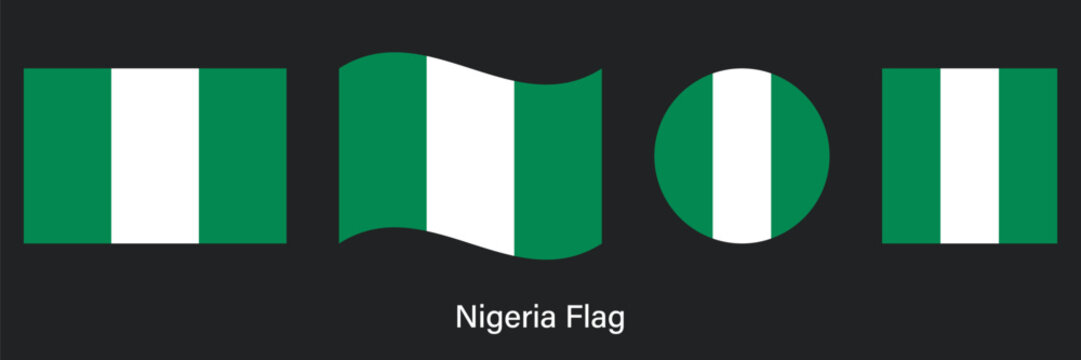 Nigeria Flag Set with Waving, Circle and Rectangle Shapes Vector Illustration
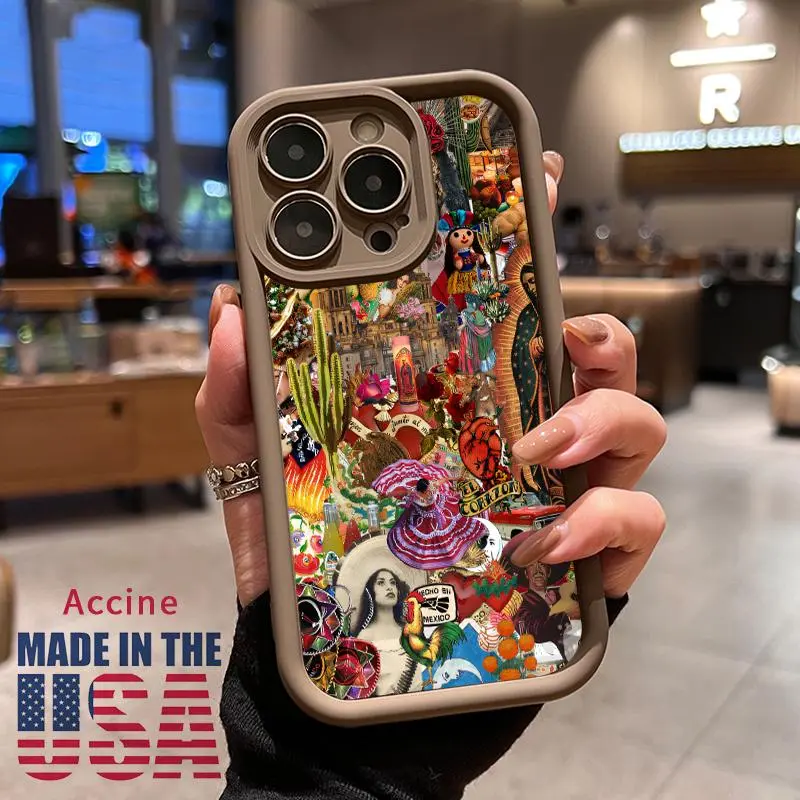 Mexican Heritage Tapestry Smartphone Case, Full Coverage Rugged Handheld Cellphone Protection for iPhone 16 Pro Max-16e-15-14 Plus-13-12 Mini-11 Pro Max-X-XS Max-XR, Anti-Fingerprint Device Cover Gift for Boys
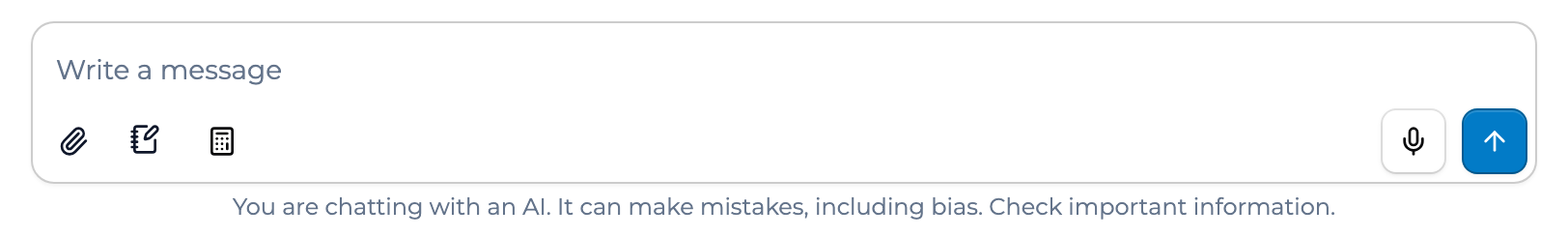 Document editor button in the chat input bar, next to the attach and equation buttons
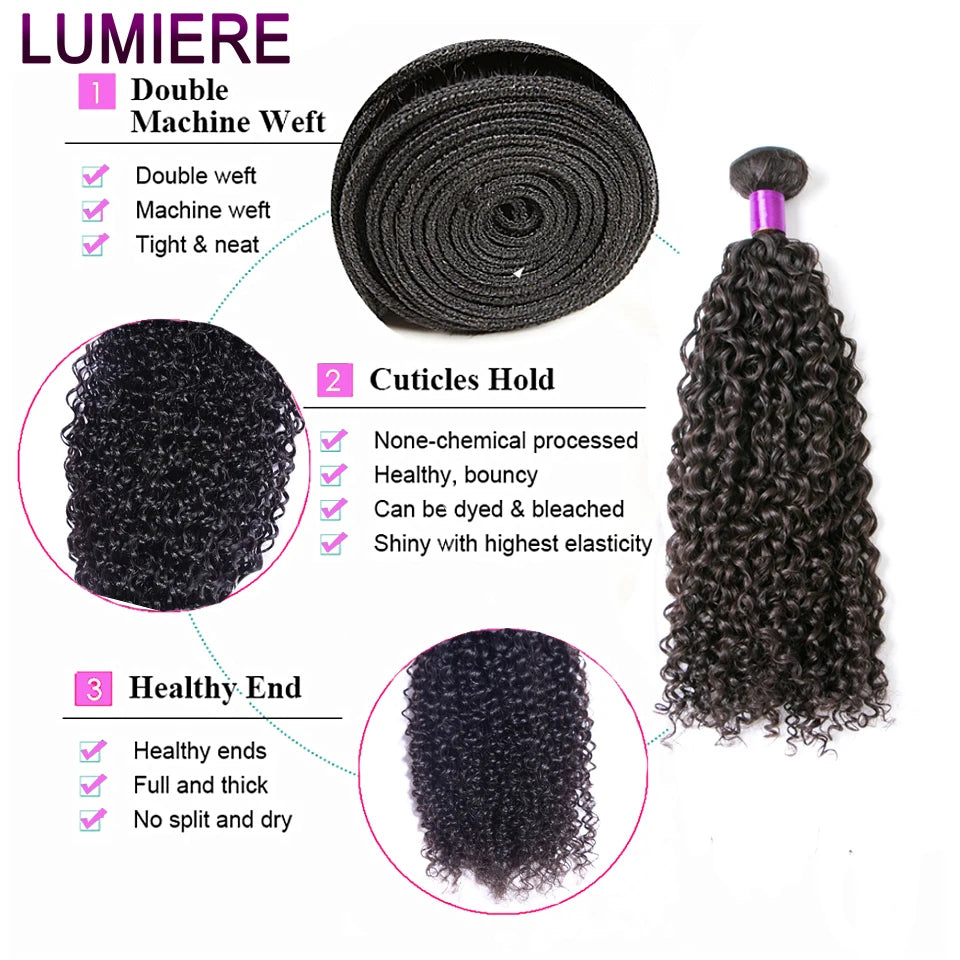 30 40” Kinky Curly Bundles Real Human Hair Brazilian Hair Weave Bundles 1/3/4 PCS Human Hair Bundles Virgin Raw Hair Extensions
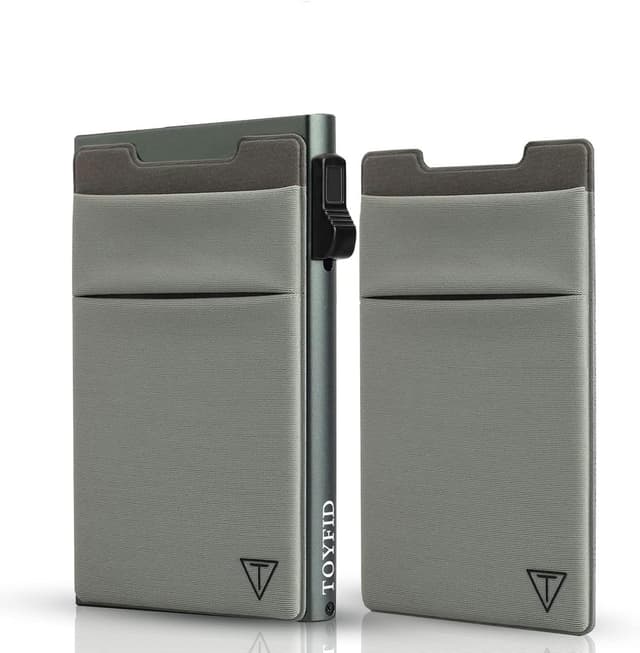 Detalle de TOYFID minimalistische RFID-Brieftasche mit Pop-up-Kartenetui und Münzfach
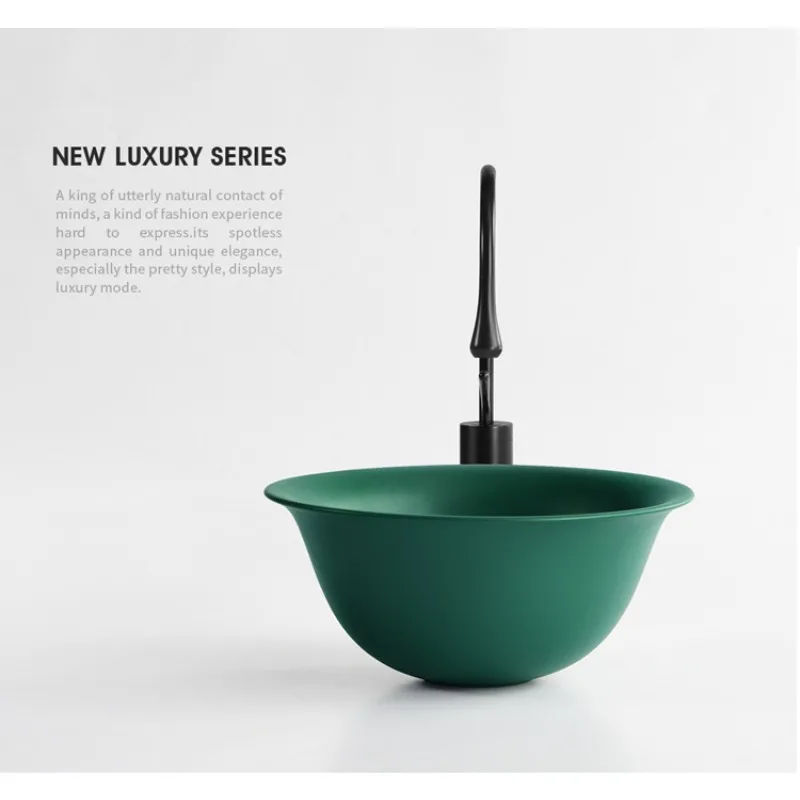 Creative Fashion Art Stage Basin Washbasin Washbasin Ceramic Washbasin Single Basin Round Stage Hand Basin Deep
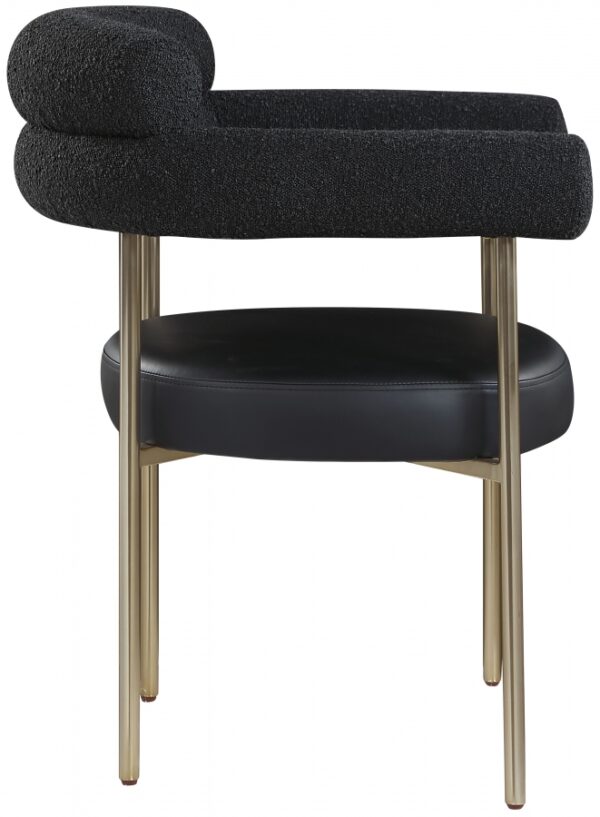 Blake Boucle Fabric Upholstered and Vegan Leather Upholstered Dining Chair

◆ ◆ ◆

> YOUR ASSIGNMENT
Print exactly, with no pictures, the lines above from the one that holds "Detalle de TOYFID" through the one that holds "Creative Fashion Art", both of them included.

> EXPECTED OUTPUT
 Detalle de TOYFID minimalistische RFID-Brieftasche mit Pop-up-Kartenetui und Münzfach
 Creative Fashion Art Stage Basin Washbasin Washbasin Ceramic Washbasin Single Basin Round Stage Hand Basin Deep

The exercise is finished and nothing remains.